#### What is needed
Keep every word of the listing and drop the images when you write it out.

#### Provided material

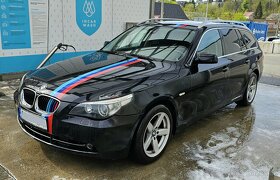 BMW E61 2.0 nafta ,automat ,panorama - 2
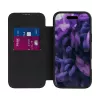 Funda tipo libro LAUT MAGFOLIO para iPhone 17 16 cm negra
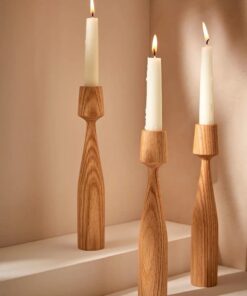 Lora Candle Holders- Set Of 3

#### Output for this task
 BMW E61 2.0 nafta ,automat ,panorama - 2
 Funda tipo libro LAUT MAGFOLIO para iPhone 17 16 cm negra
 Lora Candle Holders- Set Of 3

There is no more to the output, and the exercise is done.